# My biggest project so far



## 00nothing (Mar 26, 2004)

** copied from my rc thread**

I am nearing completion of my 125 gallon fowlr which has always been planned to be a growout tank for a pair of cat sharks and my intention has always been to immediatly start a pond once the sharks are aquired. Well me and the wife went out into the garage we are converting more into a games room and lounge today and came up with some firm ideas for what we both wanted and I decided to make a serious effort into my first sketchup.




























The pond will be built using 2x6 construction and rather than using a liner I will be running pondshield, the walls and floor of the pond will be insulated as well a large closed loop (think hot tub) will be ran through the walls to hide all plumbing. The filtration basin will be skimmer and reactor chamber that will then lead into the wet/dry chamber and finally to a mangrove marsh waterfall.

Feel free to share any thoughts or feelings and if theres any sketchup/3d artists who would be kind enough to do a frame rendering of this for me I would be in your debt as I would really love to have a set of plans to work from when i start this


----------



## Winkyee (Feb 17, 2003)

Looks good, 
Don't guys with large stuff like this commonly make them from concrete
It would seem like a good idea.


----------



## Grosse Gurke (Jan 3, 2003)

This is exactly what I was thinking about doing in my garage...but freshwater. I might just steal some aspects of your design if you dont mind? I really like the corner overflow waterfall. I was going to put it on the end...but a corner is much nicer.


----------



## 00nothing (Mar 26, 2004)

Winkyee said:


> I might just steal some aspects of your design if you dont mind?
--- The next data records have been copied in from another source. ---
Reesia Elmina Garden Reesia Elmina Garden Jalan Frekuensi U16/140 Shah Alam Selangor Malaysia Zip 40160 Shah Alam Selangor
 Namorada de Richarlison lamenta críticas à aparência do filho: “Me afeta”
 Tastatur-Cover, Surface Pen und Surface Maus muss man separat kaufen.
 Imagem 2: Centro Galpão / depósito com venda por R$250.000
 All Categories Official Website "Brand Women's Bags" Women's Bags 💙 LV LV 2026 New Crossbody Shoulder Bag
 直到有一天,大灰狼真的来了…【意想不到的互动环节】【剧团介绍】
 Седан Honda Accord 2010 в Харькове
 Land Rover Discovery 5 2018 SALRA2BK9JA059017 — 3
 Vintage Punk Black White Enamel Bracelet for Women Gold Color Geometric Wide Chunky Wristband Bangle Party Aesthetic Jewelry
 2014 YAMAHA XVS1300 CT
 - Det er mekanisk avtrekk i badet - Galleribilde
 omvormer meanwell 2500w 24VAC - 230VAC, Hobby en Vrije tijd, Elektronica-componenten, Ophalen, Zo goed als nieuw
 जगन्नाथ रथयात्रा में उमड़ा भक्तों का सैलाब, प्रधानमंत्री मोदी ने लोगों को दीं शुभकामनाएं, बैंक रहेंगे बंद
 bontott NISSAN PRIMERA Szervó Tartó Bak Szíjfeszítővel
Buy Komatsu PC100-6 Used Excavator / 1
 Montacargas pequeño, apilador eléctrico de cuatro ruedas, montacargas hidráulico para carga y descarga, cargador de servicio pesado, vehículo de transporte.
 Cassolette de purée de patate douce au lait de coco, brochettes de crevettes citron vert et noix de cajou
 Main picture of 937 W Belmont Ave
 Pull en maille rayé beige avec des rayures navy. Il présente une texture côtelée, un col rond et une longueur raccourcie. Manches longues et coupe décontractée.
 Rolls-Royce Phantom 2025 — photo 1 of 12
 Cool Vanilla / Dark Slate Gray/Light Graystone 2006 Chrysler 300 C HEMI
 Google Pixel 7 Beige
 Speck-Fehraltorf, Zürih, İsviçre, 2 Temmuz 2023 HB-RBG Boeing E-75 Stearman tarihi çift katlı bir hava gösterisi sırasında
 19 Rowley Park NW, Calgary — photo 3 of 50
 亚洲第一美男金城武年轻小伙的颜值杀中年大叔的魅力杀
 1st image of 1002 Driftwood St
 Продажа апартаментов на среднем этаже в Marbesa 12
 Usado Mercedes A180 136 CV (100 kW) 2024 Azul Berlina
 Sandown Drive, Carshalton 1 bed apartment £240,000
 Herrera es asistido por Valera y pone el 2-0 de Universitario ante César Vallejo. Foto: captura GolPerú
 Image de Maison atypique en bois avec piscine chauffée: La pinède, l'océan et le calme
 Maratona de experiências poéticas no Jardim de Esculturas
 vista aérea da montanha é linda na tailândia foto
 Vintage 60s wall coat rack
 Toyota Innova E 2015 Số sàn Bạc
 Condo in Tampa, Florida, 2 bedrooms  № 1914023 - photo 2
I really like the corner overflow waterfall.


Please do depending on how well this design and build comes out I may draft a complete set of materials lists so that i can share it with everyone


----------



## His Majesty (Apr 5, 2005)

definelty tagging along with this.

i wish i could get cracking on my pond aswell. except im strapped for cash

im building the outer wall with bricks. thats how my old one was. then having all the equipment in at one end plummed through.
im not gonna go with a waterfall but nice idea


----------



## 00nothing (Mar 26, 2004)

Trigger lover said:


> definelty tagging along with this.
> 
> i wish i could get cracking on my pond aswell. except im strapped for cash
> 
> ...


The waterfall actually comes out necessity I dont have anywhere to put the filtration other than right on the pond and when finshed i think it will both look good and actually be easier maintain due to the filtration being right there


----------



## His Majesty (Apr 5, 2005)

ahh thats pretty awesome then. how about heating?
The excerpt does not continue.